韓国の王宮には必ず川が流れているそうです。古宮や王陵は昔から風水地理学的によい場所に立てられ、「気」があふれていると考えられました。宮殿の内外を区分するという意味だけでなく、「気」が逃げていかないようにするという意味があったようです。「水が吉」という考えもあったようです。
日本の神社では「鳥居」が聖界と俗界の境界であるといいますが、ここでの「橋」の意味はそれに近いものかもしれません。

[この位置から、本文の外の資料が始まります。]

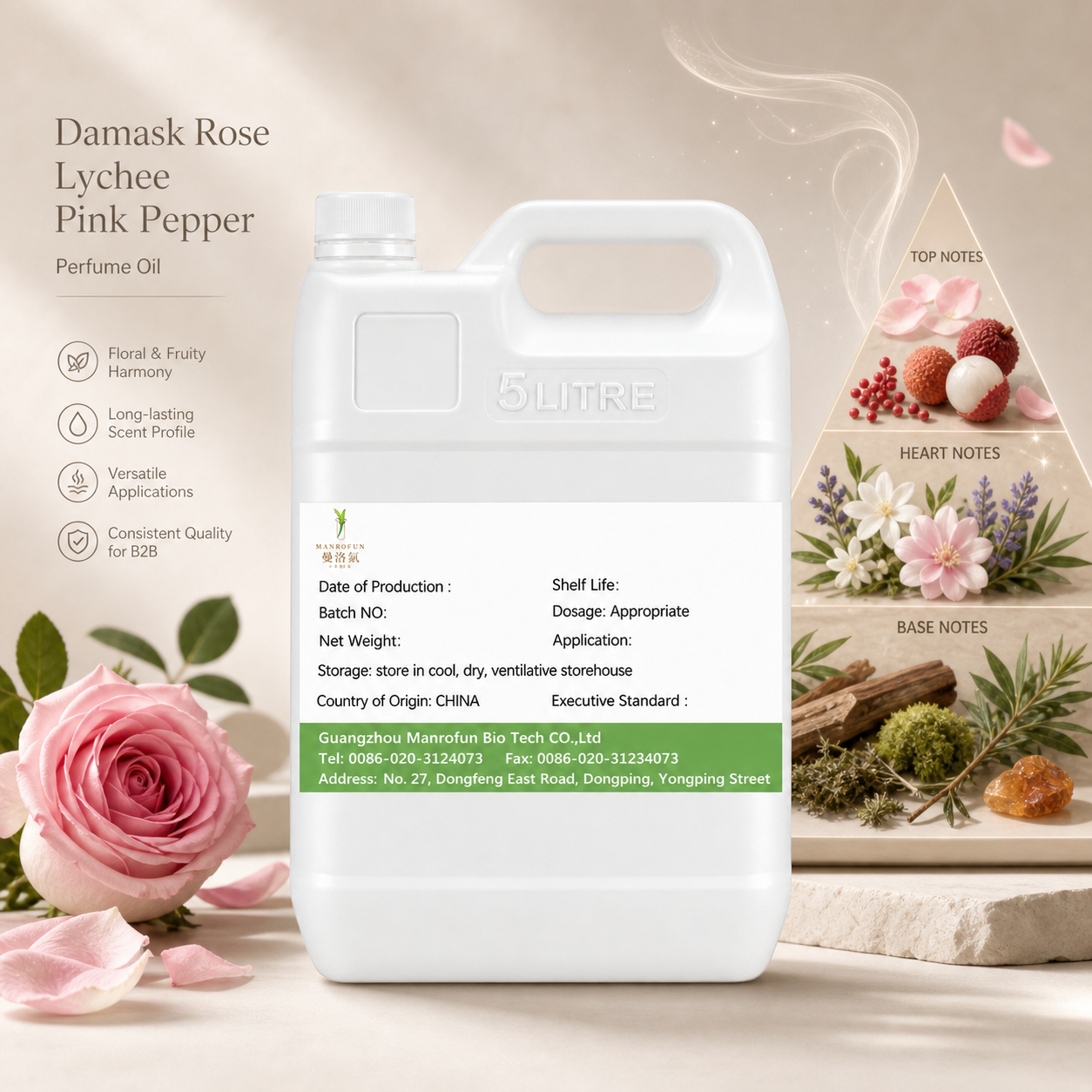 Rosa de Damasco, lichi y pimienta rosa | Aceite aromático premium para EDP y roll-on | Fabricante OEM 2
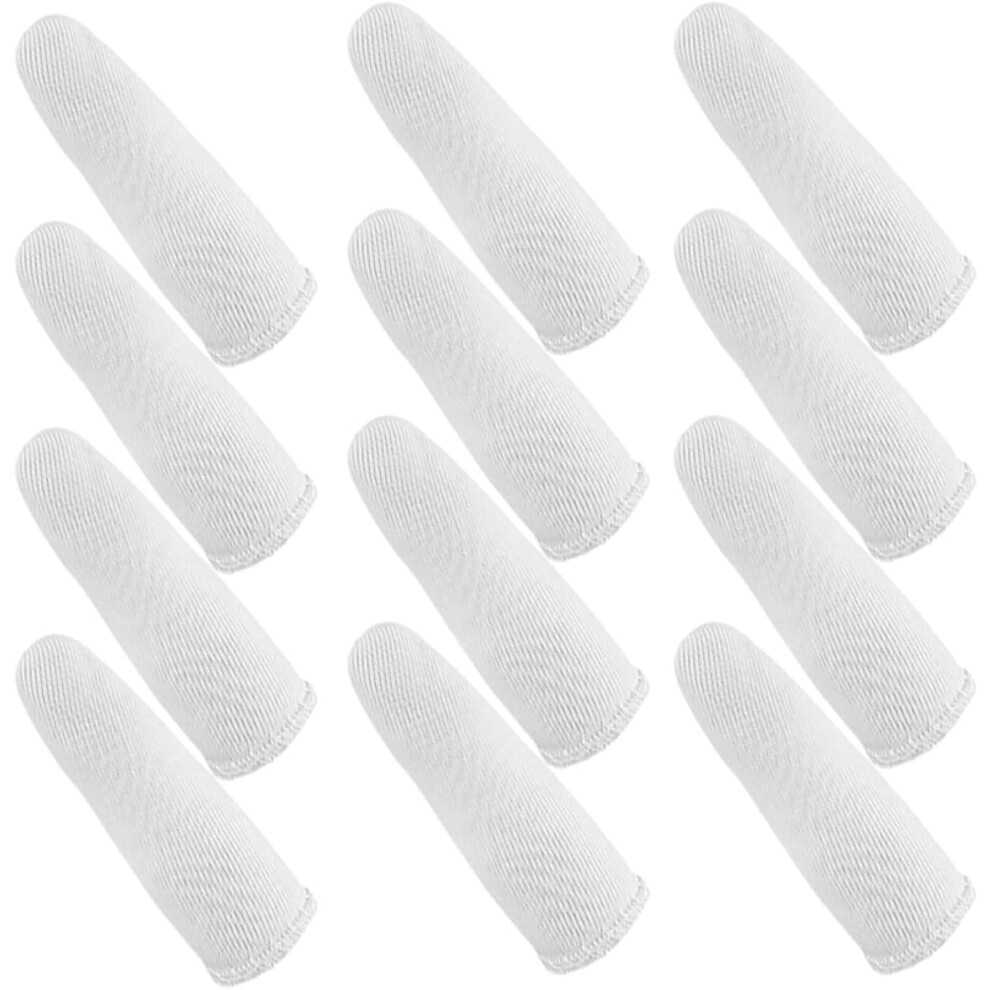 Hkhbjs White 60 Pcs Breathable Cotton Finger Covers Finger Cots Anti-Skid Fingertip Protectors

日本の神社でも、本来、参道の中央(正中という)は神の通り道なので、人間は中央を避けて通るのが正しいというしきたりがありますが、基本的な考え方は似ていますね。
仁政門をくぐると現れるのが、昌徳宮の正殿である仁政殿。国宝225号に指定されています。王の即位式・朝礼・外国使臣の接見などの重要行事が行なわれ、臣下は前の広場で、位階に応じた位置につきました。
仁政殿は、1405年に建造された昌徳宮の政殿で、1592年の文禄・慶長の役で焼失し1609年に復元されました。現在の仁政殿は1804年に再建されたものです。この建物は、重層入母屋造りと呼ばれる構造で、外見は2階建てですが、中は吹き抜けになっています。朝鮮末期の建築様式を見ることができます。
建物は高い天井をもつ1層構造で、他の古宮と同様、中心に御座(王の座席)を置き「日月五峰図(イロルオボンド)」が飾られています。1900年代以降に導入されたシャンデリアなども見られます。
ちなみに、現在の韓国の大統領府は青瓦台(ブルーハウス)といわれ、青い瓦で葺かれています。青い瓦は韓国では、位の高い者がそこで政治など国家の大事を司っているという象徴的な意味をもち、そして国家が安寧に治るようにという願いが込められているのかもしれません。青という色は風水上でも何か意味があるのでしょう。
1804年に竣工した宣政殿は、王が日常的な政務を行なった便殿。学者・官僚の勉強や儒者の試験、宴が開催されたこともあったそうです。現存する宮殿の中で唯一青い瓦屋根をもつ貴重な建物です。
比較的こぢんまりしていて装飾も控えめな印象だ。ここで王が臣下と、国政について議論を交わしたこともあったという。